* _MATERIAL TO PROCESS_:
────────────────

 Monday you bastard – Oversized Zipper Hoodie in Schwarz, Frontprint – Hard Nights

────────────────

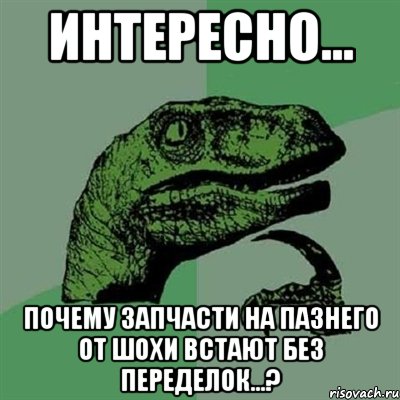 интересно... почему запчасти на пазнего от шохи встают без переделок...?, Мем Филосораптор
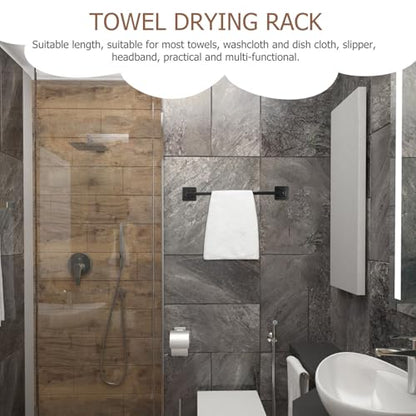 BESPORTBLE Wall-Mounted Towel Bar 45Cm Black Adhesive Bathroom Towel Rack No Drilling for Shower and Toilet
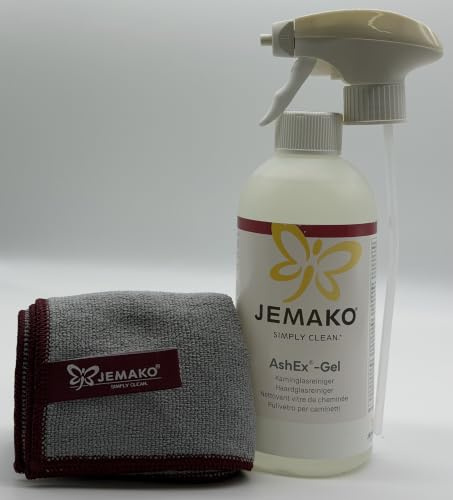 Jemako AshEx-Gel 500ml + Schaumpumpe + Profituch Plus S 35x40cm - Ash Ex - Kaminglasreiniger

────────────────

* _WORK TO COMPLETE_: Exactly the lines starting at the one above with "интересно... почему запчасти" and ending at the one with "Jemako AshEx-Gel 500ml" should be printed, and nothing else. Omit the pictures.

* _EXERCISE SOLUTION_:
 интересно... почему запчасти на пазнего от шохи встают без переделок...?, Мем Филосораптор
 BESPORTBLE Wall-Mounted Towel Bar 45Cm Black Adhesive Bathroom Towel Rack No Drilling for Shower and Toilet
 Jemako AshEx-Gel 500ml + Schaumpumpe + Profituch Plus S 35x40cm - Ash Ex - Kaminglasreiniger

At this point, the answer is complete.